Bo Westcombe-Evans
- Born: 19 June 2002 (age 23)
- University: Loughborough University

Rugby union career
- Position: Winger
- Current team: Loughborough Lightning

Senior career
- Years: Team / Apps / (Points)
- 2021-: Loughborough Lightning

International career
- Years: Team / Apps / (Points)
- 2024-: England / 2 / (5)
- Correct as of 13 October 2024

= Bo Westcombe-Evans =

English rugby union player

Boudica Willow Westcombe-Evans (born 18 August 2002) is an English rugby union player who plays as a winger for Loughborough Lightning and the England women's national rugby union team.

==Early life==
From St Albans, she started playing rugby union at her hometown club Old Albanians and was also part of the Saracens Centre of Excellence.

==Club career==
She made her debut for Loughborough Lightning in Premiership Women's Rugby at the age of 19 years-old.

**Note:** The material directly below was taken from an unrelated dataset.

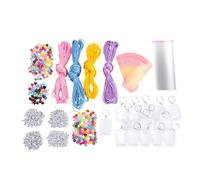 HEEPDD Kit de Manualidades con Marco de Fotos de Llavero, Juego de Llaveros Insertables de Acrílico en Blanco para Fabricación de Joyas, 702 Piezas con 16 Marcos, 650 Cuentas para Regalos (Redonda)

She made the most metres (1,700) and the most line breaks (25) of all the players in the Premiership Women's Rugby during the 2023-24 regular season. Despite missing a year of action with an ACL knee injury, she made her fiftieth appearance for Loughborough Lightning in the PWR on 29 November 2025 against Leicester Tigers, scoring four tries in a 38-10 victory.

==International career==
She was named in the England women's national rugby union team squad for the 2024 WXV in Canada in September 2024. She made a try scoring debut for England in a 61-21 win over USA on 29 September 2024.

==Style of play==
Known for her pace, ahead of her England debut, England attacking coach Lou Meadows praised her ability to break past defences on the outside.

==Personal life==
She studied Sports Management at Loughborough University.